GEORGE L. PROCTOR, Bankruptcy Judge.

The trial in this adversary proceeding was held on May 3, 1989 and June 15, 1989. Upon the evidence, the Court makes the following Findings of Fact and Conclusions of Law:

FINDINGS OF FACT

The debtors/defendants filed their petition for relief under Chapter 7 of the Bankruptcy Code on June 17, 1988.

On July 13, 1988, plaintiff filed a complaint objecting to the defendant’s discharge pursuant to 11 U.S.C. § 727(a)(2)(A) & (a)(4), alleging that defendant Carol J. Moore intended to hinder, delay or defraud creditors or the trustee by concealing property owned by her by failing to disclose ownership of fifty shares of stock (representing 50% of the outstanding stock) in the Fort Caroline Learning Tree (Learning Tree) and that she knowingly and fraudulently made a false oath or account in the case by failing to disclose such ownership.
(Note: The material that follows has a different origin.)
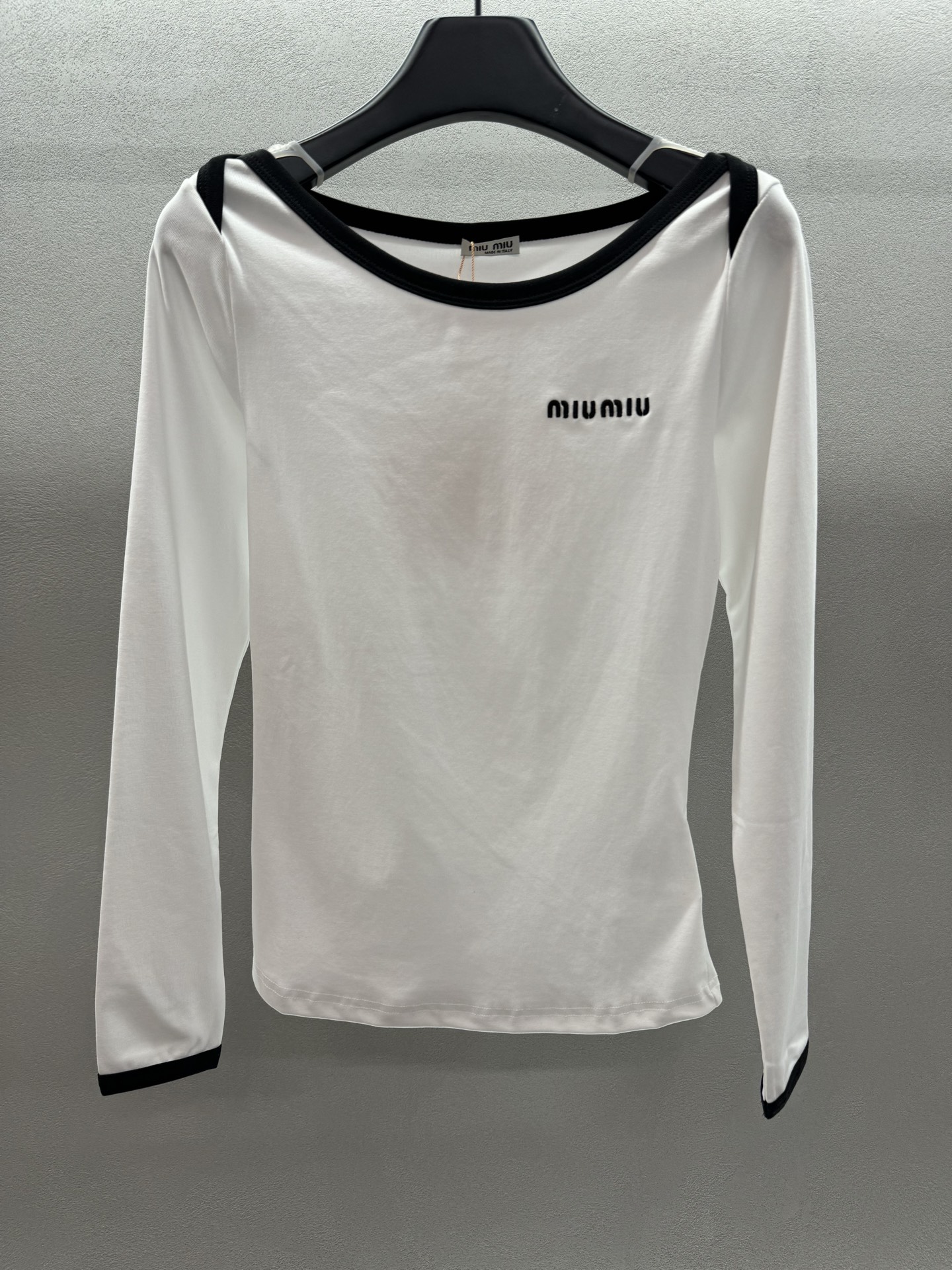 ￼ ❄️2025 Autumn and Winter❄️！MiuMi*u，撞色一字领长袖，超级遮肉显瘦，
The complaint additionally alleges that defendant/debtor Gerald T. Moore, husband of Carol Moore,'had transferred property of his estate within one year prior to the filing of the petition with the intent to hinder, delay or defraud creditors by surrendering fifty (50) shares of common stock in the Learning Tree and by trading his automobile toward the purchase of a corporate vehicle. It was also alleged that he had knowingly and fraudulently made false oaths or accounts in the case by failing to disclose in his Statement of Financial Affairs these transfers.

Gerald Moore is a pastor and his wife operates the Learning Tree, a child day care center located on church grounds. Initially the child care center was owned as a proprietorship by both defendants but was later incorporated with the Defendants each taking fifty shares of stock. There were no other stockholders.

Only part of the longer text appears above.